Segment Start: Dataset records
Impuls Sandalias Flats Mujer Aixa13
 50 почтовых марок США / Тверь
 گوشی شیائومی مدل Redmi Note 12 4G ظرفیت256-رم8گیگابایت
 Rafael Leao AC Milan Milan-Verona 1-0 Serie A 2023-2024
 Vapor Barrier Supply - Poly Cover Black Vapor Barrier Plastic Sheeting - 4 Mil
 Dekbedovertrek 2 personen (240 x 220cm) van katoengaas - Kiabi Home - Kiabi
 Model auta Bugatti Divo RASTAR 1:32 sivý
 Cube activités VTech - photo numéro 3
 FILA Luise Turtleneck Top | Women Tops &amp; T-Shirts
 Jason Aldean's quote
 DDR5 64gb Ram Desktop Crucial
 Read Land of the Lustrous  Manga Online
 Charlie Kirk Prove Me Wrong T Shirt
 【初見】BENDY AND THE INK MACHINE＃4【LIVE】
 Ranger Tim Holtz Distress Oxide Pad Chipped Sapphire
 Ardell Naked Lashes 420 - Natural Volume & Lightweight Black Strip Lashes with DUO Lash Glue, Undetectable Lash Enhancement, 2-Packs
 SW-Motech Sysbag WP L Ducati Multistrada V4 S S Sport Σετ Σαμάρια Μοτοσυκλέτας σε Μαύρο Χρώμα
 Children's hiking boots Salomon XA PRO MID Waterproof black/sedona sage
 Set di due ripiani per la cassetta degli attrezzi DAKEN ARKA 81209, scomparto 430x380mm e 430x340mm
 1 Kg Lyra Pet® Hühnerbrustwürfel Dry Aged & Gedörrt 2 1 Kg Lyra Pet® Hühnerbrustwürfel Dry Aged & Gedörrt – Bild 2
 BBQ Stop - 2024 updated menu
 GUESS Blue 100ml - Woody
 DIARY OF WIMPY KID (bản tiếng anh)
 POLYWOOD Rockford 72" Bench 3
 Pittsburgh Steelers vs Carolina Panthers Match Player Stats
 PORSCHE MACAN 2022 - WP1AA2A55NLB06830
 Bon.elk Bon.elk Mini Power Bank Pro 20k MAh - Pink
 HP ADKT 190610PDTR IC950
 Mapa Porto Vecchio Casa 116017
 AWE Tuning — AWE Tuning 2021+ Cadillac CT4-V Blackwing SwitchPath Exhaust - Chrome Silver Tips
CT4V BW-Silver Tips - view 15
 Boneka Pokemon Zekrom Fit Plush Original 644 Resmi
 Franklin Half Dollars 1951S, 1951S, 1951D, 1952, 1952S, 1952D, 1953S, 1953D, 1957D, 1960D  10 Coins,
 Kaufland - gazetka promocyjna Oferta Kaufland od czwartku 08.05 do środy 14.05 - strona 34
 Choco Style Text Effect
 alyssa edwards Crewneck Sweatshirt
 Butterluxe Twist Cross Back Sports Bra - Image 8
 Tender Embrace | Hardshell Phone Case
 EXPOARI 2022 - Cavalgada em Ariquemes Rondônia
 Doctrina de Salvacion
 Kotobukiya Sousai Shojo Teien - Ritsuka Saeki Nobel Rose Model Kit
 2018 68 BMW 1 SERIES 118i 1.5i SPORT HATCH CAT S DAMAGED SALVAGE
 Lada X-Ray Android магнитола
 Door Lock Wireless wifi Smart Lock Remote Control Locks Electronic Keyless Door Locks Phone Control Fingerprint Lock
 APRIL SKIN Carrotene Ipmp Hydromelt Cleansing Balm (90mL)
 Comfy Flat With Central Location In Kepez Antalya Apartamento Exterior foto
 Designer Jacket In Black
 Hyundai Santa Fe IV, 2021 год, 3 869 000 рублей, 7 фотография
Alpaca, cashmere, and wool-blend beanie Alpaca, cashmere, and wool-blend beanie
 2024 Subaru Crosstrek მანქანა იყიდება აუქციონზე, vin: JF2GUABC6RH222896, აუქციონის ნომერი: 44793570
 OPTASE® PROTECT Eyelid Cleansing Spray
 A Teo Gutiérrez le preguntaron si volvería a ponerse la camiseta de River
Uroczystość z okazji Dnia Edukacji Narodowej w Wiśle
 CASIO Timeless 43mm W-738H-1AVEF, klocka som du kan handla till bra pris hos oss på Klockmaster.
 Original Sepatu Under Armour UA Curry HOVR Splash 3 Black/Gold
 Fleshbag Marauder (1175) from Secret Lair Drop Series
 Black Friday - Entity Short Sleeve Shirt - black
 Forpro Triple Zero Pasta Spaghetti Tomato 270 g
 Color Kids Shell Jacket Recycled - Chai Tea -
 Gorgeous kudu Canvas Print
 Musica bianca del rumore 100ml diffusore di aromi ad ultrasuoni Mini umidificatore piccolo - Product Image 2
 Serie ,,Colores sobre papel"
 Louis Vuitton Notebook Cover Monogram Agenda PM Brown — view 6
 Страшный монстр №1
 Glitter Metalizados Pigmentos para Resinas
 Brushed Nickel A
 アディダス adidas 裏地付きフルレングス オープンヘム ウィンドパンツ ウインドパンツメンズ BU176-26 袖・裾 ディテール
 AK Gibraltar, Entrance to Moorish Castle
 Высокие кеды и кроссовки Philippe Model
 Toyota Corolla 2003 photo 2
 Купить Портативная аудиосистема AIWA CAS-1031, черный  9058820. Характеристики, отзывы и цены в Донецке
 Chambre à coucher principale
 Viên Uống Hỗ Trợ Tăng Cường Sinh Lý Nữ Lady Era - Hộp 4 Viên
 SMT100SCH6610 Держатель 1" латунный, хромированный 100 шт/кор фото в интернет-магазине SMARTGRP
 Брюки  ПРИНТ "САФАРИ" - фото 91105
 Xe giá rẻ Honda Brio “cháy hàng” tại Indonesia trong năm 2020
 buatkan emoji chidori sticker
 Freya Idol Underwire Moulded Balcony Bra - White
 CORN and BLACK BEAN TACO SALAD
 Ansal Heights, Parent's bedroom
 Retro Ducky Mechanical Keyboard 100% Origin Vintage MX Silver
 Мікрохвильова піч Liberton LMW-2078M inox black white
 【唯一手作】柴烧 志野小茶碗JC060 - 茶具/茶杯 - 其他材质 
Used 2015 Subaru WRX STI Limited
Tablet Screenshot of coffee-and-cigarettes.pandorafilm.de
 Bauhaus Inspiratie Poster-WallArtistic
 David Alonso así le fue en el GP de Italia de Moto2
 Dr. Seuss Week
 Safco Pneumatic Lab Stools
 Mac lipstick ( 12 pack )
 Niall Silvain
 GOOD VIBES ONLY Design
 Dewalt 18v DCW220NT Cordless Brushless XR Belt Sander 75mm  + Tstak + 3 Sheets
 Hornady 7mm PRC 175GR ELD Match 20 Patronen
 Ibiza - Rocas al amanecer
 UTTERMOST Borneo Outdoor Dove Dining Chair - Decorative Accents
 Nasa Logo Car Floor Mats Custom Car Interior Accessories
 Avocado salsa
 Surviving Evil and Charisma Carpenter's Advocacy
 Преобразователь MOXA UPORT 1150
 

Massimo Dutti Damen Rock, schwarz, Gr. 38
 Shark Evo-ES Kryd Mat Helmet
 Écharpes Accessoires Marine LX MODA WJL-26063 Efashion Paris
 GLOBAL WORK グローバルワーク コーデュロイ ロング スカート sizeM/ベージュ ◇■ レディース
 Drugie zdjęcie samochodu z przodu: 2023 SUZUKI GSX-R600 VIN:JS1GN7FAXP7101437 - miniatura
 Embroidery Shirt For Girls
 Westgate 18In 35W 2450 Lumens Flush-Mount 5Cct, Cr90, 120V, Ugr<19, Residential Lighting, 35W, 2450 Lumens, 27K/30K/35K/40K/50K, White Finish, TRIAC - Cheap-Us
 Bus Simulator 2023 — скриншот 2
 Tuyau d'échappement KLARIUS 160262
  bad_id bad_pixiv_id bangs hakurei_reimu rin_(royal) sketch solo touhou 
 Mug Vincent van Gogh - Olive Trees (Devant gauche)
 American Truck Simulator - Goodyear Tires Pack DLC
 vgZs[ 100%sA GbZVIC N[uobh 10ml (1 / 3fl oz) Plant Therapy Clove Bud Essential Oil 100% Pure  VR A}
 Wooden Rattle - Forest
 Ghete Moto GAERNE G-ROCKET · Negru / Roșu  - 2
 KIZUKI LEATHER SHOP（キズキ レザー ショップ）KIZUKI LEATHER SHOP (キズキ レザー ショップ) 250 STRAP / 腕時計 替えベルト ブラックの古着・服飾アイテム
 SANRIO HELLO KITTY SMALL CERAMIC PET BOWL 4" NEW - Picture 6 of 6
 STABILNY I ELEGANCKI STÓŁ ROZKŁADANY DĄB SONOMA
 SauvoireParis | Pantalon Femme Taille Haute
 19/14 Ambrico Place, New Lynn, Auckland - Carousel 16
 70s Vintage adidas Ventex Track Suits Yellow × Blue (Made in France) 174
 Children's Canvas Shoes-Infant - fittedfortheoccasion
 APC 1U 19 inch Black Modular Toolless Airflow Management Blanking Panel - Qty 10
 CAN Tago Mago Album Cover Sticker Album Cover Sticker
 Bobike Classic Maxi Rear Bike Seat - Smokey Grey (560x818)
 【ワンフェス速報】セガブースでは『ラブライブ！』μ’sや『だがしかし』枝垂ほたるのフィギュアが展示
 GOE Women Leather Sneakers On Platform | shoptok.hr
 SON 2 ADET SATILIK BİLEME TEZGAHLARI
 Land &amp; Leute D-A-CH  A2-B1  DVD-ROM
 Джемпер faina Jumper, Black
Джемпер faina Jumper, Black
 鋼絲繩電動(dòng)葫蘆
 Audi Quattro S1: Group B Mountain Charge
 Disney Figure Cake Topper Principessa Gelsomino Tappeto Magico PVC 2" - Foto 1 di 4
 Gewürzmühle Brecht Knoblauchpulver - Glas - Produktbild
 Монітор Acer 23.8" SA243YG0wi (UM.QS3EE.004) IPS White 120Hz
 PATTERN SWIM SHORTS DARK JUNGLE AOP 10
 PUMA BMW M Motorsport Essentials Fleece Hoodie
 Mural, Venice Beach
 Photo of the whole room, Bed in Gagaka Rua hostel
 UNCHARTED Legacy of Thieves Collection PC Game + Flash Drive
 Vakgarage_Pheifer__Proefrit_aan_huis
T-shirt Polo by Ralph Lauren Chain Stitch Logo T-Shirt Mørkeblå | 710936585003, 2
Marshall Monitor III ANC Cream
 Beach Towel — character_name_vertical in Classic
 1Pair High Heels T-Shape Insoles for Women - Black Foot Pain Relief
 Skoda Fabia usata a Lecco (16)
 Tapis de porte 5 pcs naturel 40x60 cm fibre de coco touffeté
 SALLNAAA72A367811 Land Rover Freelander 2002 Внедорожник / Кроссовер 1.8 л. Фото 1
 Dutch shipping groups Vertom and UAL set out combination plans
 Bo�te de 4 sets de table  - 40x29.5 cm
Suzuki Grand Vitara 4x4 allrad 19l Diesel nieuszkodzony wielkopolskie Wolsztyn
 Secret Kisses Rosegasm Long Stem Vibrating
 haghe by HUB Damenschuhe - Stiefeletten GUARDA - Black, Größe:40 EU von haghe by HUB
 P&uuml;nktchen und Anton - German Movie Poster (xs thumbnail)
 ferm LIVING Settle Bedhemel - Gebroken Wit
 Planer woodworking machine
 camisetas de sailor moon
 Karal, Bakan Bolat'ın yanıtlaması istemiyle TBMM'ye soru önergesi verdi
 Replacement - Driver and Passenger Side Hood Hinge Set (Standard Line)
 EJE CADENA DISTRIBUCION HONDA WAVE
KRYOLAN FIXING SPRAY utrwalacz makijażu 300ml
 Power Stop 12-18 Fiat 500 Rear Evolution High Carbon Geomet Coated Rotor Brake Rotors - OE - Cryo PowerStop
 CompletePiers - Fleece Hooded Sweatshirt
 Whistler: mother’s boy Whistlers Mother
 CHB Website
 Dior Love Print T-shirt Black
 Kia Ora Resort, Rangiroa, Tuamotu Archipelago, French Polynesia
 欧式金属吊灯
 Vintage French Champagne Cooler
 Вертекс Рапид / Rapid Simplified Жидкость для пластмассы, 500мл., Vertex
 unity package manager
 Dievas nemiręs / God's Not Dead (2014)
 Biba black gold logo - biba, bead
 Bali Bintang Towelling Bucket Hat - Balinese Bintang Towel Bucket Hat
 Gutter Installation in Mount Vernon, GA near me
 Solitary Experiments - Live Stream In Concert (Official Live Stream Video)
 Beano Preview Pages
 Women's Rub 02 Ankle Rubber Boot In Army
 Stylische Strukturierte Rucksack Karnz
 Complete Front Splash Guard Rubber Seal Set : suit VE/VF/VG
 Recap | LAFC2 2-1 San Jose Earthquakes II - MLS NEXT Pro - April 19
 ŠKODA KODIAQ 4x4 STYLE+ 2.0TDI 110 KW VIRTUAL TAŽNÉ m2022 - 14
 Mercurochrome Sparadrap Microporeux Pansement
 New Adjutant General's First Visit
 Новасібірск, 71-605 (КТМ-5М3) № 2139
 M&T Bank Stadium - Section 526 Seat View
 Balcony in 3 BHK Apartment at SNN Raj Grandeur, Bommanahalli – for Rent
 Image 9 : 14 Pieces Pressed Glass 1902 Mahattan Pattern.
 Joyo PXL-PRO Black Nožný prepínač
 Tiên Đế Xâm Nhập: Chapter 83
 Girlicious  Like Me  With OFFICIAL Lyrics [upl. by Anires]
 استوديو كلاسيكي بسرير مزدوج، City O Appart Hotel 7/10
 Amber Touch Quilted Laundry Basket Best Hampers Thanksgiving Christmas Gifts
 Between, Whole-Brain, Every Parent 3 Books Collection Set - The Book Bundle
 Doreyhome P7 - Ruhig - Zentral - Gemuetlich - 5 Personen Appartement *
Segment End: Dataset records
__Problem details__. Once you find the line with "Model auta Bugatti Divo RASTAR 1:32 sivý" in the entries above, output it and each line after it up to and including the line with "BBQ Stop - 2024 updated menu", and nothing else.

__Expected answer__.
 Model auta Bugatti Divo RASTAR 1:32 sivý
 Cube activités VTech - photo numéro 3
 FILA Luise Turtleneck Top | Women Tops &amp; T-Shirts
 Jason Aldean's quote
 DDR5 64gb Ram Desktop Crucial
 Read Land of the Lustrous  Manga Online
 Charlie Kirk Prove Me Wrong T Shirt
 【初見】BENDY AND THE INK MACHINE＃4【LIVE】
 Ranger Tim Holtz Distress Oxide Pad Chipped Sapphire
 Ardell Naked Lashes 420 - Natural Volume & Lightweight Black Strip Lashes with DUO Lash Glue, Undetectable Lash Enhancement, 2-Packs
 SW-Motech Sysbag WP L Ducati Multistrada V4 S S Sport Σετ Σαμάρια Μοτοσυκλέτας σε Μαύρο Χρώμα
 Children's hiking boots Salomon XA PRO MID Waterproof black/sedona sage
 Set di due ripiani per la cassetta degli attrezzi DAKEN ARKA 81209, scomparto 430x380mm e 430x340mm
 1 Kg Lyra Pet® Hühnerbrustwürfel Dry Aged & Gedörrt 2 1 Kg Lyra Pet® Hühnerbrustwürfel Dry Aged & Gedörrt – Bild 2
 BBQ Stop - 2024 updated menu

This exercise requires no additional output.